Task prompt: Would you please output only the lines from the one containing "Для Toyota Reiz" through the end of the entries below, exactly as written?

*** Source information Section Begins ***

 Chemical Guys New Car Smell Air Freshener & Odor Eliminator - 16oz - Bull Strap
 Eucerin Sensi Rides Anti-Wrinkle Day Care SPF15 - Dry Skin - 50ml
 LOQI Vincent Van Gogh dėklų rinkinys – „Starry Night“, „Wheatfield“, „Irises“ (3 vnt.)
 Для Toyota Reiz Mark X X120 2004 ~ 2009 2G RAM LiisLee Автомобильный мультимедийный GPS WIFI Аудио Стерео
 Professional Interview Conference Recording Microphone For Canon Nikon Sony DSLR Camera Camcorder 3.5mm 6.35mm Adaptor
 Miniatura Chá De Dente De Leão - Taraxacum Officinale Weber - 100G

*** Source information Section Ends ***

Result for this task:
 Для Toyota Reiz Mark X X120 2004 ~ 2009 2G RAM LiisLee Автомобильный мультимедийный GPS WIFI Аудио Стерео
 Professional Interview Conference Recording Microphone For Canon Nikon Sony DSLR Camera Camcorder 3.5mm 6.35mm Adaptor
 Miniatura Chá De Dente De Leão - Taraxacum Officinale Weber - 100G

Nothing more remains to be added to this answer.